§ **EXERCISE**: Only one span of the listing below is wanted: the lines from the one with "la-digue-island.webp" through the one with "709 WINDFLOWER Crescent", reproduced exactly, both ends kept.

==== PROVIDED INFORMATION

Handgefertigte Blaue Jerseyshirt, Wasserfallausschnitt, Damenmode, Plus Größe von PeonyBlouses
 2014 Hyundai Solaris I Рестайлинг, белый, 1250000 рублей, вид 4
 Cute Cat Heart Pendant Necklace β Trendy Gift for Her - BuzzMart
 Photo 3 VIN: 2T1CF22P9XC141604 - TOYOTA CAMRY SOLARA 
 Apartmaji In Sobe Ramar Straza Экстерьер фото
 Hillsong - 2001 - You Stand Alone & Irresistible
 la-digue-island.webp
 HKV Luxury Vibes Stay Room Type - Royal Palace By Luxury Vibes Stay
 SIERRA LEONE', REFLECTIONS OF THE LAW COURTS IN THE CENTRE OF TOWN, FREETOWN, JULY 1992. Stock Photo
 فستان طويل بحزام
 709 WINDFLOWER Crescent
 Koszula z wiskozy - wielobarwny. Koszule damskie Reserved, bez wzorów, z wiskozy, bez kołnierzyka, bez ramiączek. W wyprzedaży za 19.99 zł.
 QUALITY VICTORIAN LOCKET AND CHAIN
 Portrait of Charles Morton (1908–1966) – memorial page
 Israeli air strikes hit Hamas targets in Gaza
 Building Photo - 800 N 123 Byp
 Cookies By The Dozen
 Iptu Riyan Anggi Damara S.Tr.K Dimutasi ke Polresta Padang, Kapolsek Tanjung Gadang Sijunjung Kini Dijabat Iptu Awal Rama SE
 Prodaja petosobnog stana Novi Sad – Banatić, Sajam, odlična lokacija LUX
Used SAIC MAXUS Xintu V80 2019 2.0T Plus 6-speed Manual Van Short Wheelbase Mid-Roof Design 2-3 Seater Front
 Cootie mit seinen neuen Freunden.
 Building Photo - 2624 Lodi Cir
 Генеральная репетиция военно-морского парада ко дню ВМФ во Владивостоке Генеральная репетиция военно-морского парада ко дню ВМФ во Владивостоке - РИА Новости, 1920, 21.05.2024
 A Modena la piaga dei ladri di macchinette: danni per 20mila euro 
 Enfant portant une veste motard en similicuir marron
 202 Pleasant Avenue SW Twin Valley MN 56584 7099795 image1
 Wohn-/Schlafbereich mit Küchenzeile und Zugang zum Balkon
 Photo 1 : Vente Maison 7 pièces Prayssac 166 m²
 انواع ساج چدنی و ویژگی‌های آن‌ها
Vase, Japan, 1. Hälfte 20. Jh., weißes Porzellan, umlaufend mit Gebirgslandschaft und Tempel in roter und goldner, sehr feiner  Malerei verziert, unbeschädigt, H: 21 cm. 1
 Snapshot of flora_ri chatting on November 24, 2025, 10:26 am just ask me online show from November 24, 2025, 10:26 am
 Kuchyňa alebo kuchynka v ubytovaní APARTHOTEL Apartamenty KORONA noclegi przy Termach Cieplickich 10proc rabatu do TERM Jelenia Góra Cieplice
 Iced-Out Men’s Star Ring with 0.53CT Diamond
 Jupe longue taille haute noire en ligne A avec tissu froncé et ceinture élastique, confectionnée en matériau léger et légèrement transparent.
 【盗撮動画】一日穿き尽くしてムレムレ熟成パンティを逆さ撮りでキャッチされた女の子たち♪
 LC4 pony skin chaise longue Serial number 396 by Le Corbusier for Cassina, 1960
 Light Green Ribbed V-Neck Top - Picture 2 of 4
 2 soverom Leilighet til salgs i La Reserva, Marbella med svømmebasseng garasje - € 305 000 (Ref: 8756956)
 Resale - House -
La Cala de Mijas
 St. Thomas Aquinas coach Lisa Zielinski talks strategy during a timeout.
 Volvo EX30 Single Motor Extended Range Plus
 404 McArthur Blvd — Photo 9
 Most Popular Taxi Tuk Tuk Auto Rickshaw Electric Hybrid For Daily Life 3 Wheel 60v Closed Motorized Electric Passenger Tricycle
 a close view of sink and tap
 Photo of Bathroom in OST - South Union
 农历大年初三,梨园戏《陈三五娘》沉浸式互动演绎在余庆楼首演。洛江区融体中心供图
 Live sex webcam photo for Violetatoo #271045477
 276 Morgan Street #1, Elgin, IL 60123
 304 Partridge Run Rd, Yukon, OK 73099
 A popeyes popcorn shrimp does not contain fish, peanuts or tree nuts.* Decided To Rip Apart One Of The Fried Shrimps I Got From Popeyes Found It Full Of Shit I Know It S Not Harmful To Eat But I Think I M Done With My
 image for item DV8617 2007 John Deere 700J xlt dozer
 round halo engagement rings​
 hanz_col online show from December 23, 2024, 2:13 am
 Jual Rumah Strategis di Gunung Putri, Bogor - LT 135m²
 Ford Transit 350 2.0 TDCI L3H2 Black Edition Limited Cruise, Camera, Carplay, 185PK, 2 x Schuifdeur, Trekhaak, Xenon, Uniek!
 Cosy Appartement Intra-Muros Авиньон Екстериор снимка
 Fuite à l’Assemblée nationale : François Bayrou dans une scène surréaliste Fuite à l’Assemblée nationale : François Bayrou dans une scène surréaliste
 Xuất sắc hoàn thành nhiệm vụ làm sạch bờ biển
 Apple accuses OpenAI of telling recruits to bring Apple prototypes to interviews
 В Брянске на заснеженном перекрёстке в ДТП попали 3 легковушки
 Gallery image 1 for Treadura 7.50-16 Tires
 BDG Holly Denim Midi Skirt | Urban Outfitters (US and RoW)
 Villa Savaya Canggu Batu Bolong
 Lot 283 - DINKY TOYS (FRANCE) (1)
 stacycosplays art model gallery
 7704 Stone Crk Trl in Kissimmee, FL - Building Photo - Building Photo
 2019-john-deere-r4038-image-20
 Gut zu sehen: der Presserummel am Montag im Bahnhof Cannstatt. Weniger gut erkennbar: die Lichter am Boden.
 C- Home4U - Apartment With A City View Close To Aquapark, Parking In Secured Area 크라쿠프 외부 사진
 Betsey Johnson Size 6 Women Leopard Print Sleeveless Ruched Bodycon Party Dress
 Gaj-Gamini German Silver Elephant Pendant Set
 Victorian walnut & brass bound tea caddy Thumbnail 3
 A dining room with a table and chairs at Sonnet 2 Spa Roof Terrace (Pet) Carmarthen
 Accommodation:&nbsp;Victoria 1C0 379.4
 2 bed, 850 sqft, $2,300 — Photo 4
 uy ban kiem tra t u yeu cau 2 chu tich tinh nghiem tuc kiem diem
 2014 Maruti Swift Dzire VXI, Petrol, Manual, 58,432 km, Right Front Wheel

========

§ **RESPONSE TO THIS TASK**:
 la-digue-island.webp
 HKV Luxury Vibes Stay Room Type - Royal Palace By Luxury Vibes Stay
 SIERRA LEONE', REFLECTIONS OF THE LAW COURTS IN THE CENTRE OF TOWN, FREETOWN, JULY 1992. Stock Photo
 فستان طويل بحزام
 709 WINDFLOWER Crescent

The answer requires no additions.